Scott Rasmussen, the founder and president of Rasmussen Reports, said in a telephone interview with The Daily Free Press that voters base their opinion of Brown “off of the fact that he won the election, he became a national figure. He’s got some charisma, a nice personality.”
Rasmussen said Brown’s high approval rating is not particularly surprising.
“All newly elected politicians get a bounce. When Barack Obama won the presidency he won with 53 percent of the vote and by the time he took office his approval ratings were in the mid 60s,” he said. “People want their elected leaders to succeed, and there’s always a honeymoon.”
However, he added, “They like what they see initially, but the reality is those numbers will come down.”
Boston University assistant political science professor Andrew Reeves agreed with this assessment.
“He still sort of has this honeymoon because he hasn’t had to take that many votes or talked about controversial issues so it’ll certainly go down,” Reeves said. “We saw this with Obama. He was sort of running against the status quo but it only takes so long before you become part of the status quo.”
BU political science professor Graham Wilson gave another reason for the possible future decline.
“He’ll be under a lot of pressure from the Republican leadership to vote in ways that will not be very popular in this state. I expect to see this approval rating come down in the next six months,” Wilson said.

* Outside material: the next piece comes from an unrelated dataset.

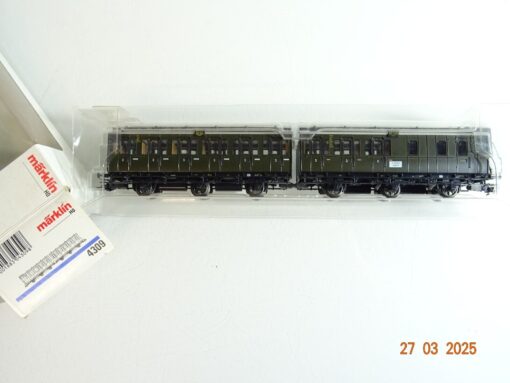 Märklin H0 4309 Abteilwagen Set 2 tlg. 3.Kl./Gepäckabt. in OVP PR6818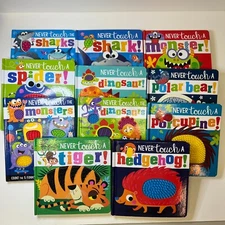 "Never Touch A" Book Series Lot of 11 by Rosie Greening (Sensory Board Books)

He also said many who participate in the polls may not know enough about Brown to give a truly educated opinion.
Students at BU were also skeptical about Brown’s high approval rating.
“He’s probably riding a post-election buzz and inevitably I think it probably will fall,” said first-year School of Medicine student Vijay Prasad. “In Massachusetts you have to be a different sort of Republican. If he maintains an independent streak it could remain high but it’s going to depend on political winds and how things change.”
Patrick Ferrell, a freshman in the College of Communication, had a different explanation for the new senator’s high approval rating.
“People aren’t generally happy with how Obama’s doing so far so it might just be the fact that it’s a Republican in office instead of a Democrat,” he said.
Dissatisfaction with the current administration and the health care debate were common reasons why students believed so many people were happy with Brown and even why he was elected in the first place.
College of Arts and Sciences freshman Ryan McKay said Brown’s appeal was exaggerated by opponent Attorney General Martha Coakley’s failures.
“I voted for him but more as a reaction to how pathetic the other candidate was,” McKay said. “[Coakley] was taking the fact that she would win for granted.”
When considering his performance thus far, some were hesitant to give him approval or criticism just yet, citing that he has only been in office for a little over a month.
“I think there have been a lot of important issues that have been discussed while he’s been there so far, with health care certainly coming to a head, and it will be interesting to see the role that he plays,” Reeves said. “He’s been showing some inclination to bipartisanship but he’s also held fast against health care. He’s staking out an interesting position thus far.”
Some students said they like Brown because of his tendency toward bipartisanship.
“I’ve actually been a little impressed with him,” Prasad said. “He sided with the Democrats on one of the jobs bills and I thought that was kind of refreshing because it was against the hyper-partisanship kind of mantra that’s been going on.”
Staff writer Neal J. Riley contributed reporting to this article.